Now, let me put my spin on centrifuge support (wouldn’t be a blog without the occasional pun, now would it?). Seriously, it doesn’t matter whether you have a floor mount, bench top or robot-loaded centrifuge, these devices get a lot of use and it is not uncommon to see units that ten or more years old. Motors and bearings don’t last forever so routine maintenance is critical. Additionally, you folks that leave your rotors in the centrifuge and never take them out should have big scarlet letters painted on your lab coats so you can be publicly ridiculed by the service community! Seriously, many a lab tech has pulled a muscle or two trying to loosen and remove a rotor that has permanently bonded with the spindle.

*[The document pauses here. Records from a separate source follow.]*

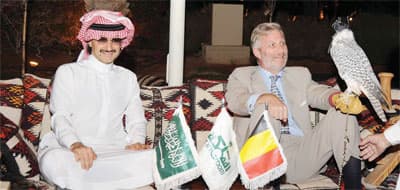 الوليد بن طلال يستقبل ولي عهد بلجيكا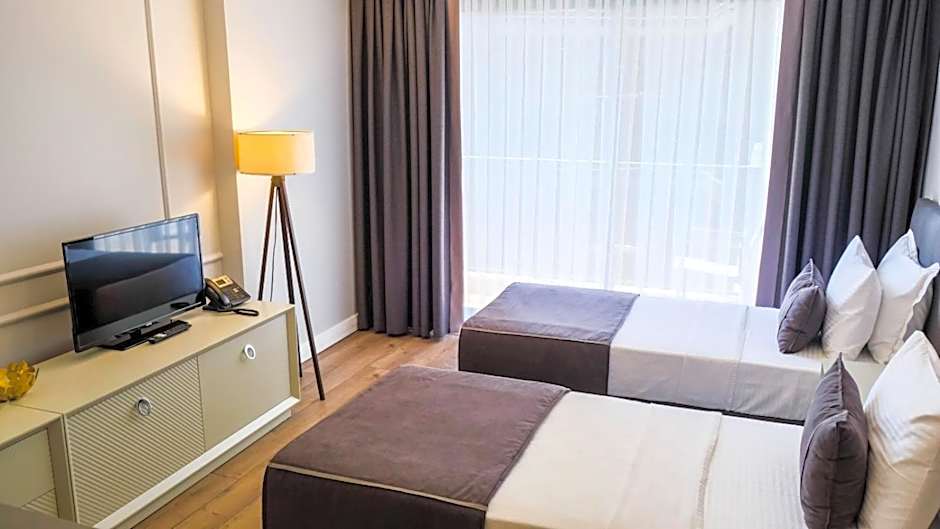 Myway Deluxe Hotel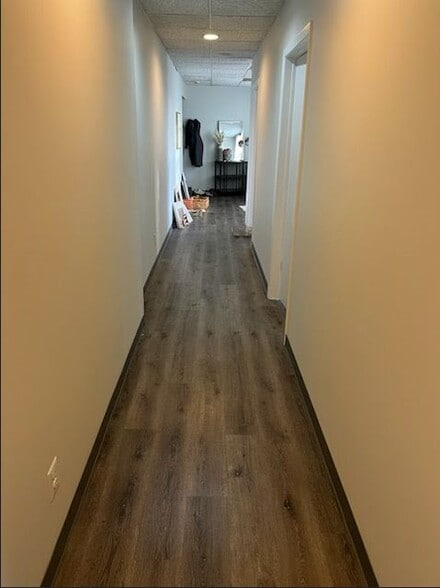 1-27 S Ocean Ave, Patchogue, NY for lease - Interior Photo - Image 2 of 19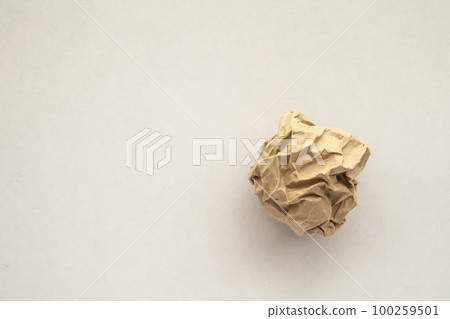 Crumpled recycle brown paper ball Crumpled recycle brown paper ball 100259501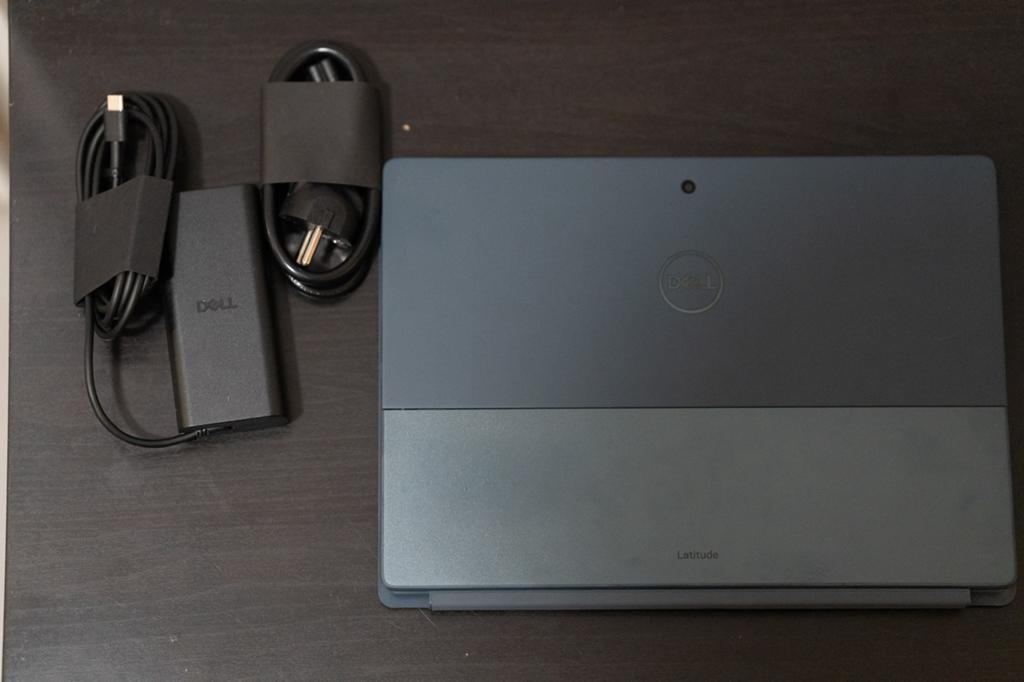 Dell Latitude 7350 Detachable 2-in-1 Laptop/Tablet, Computers en Software, Windows Laptops, Ophalen of Verzenden, 13 inch, SSD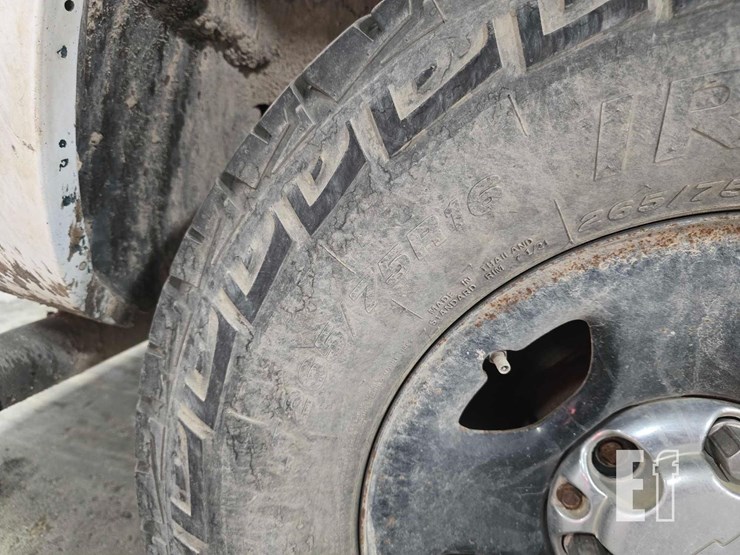 2006-chevrolet-tahoe-image-23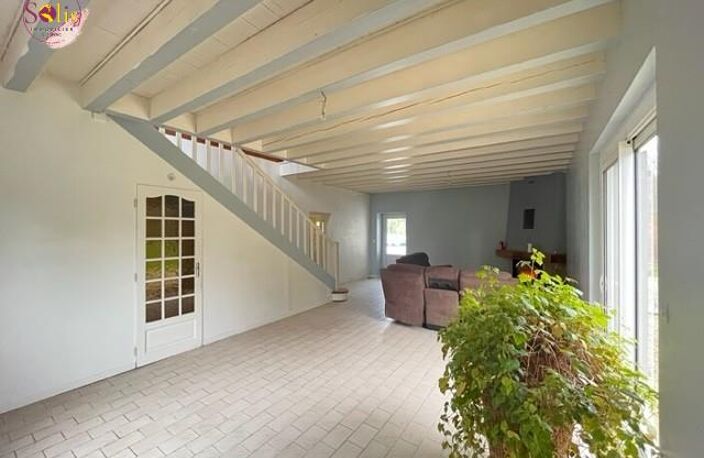 Vente maison 7 pièces 162 m² Cierzac (17520) — photo 2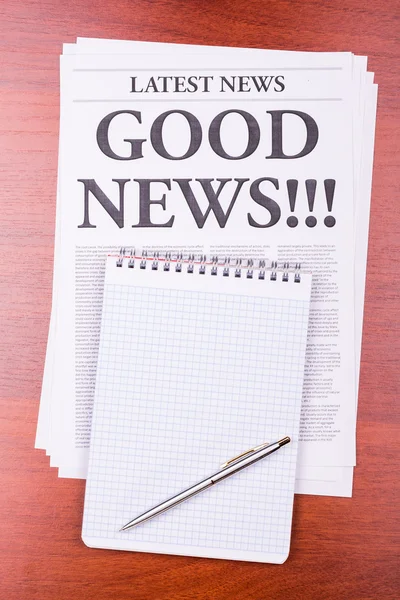 Den goda nyheten för tidningen!!! — Stockfoto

Last on the docket for this posting is microplate reader upkeep and maintenance. Truly, a wide-ranging topic (may have to post separately on this one to do it justice). The three main readers types (modes) are absorbance, fluorescence and luminescence and while some are limited to one mode, others can do more than one (multimode). Of course there are also fluorescence polarization (FP), time resolved fluorescence (HTRF), high content imagers and microfludic analyzers, but for today we will stick with the big three. All three types work on the basic principle of light measurement to detect samples within the wells of a plate. Absorbance readers use a light source, filters and a detector to measure what percentage of the source light is transmitted through the sample. Fluorescence readers are more sensitive and measure the amount of light emitted from the sample, while Luminescent readers have no light source and instead detect a chemical or biological reaction from the sample. Depending upon the specific reader, any number of factors can result in bad data but generally most failures are a combination of optical alignments (emitter, detector, filters…etc) or light source age. Just about every plate manufacturer provides N.I.S.T. traceable “test plates” that can be used to calibrate the device and a number of third-party companies also have more generic standards that can also be used. It seems patently obvious to say, but what is the point of conducting an assay if you cannot say with a high degree of certainty that your detection results are accurate? At a minimum, plate readers should be PM’d once per calendar year and that procedure should include a test report against a known standard. If your lab only has one reader and it is critical to your research, an annual service contract that includes analytical data would be a wise choice.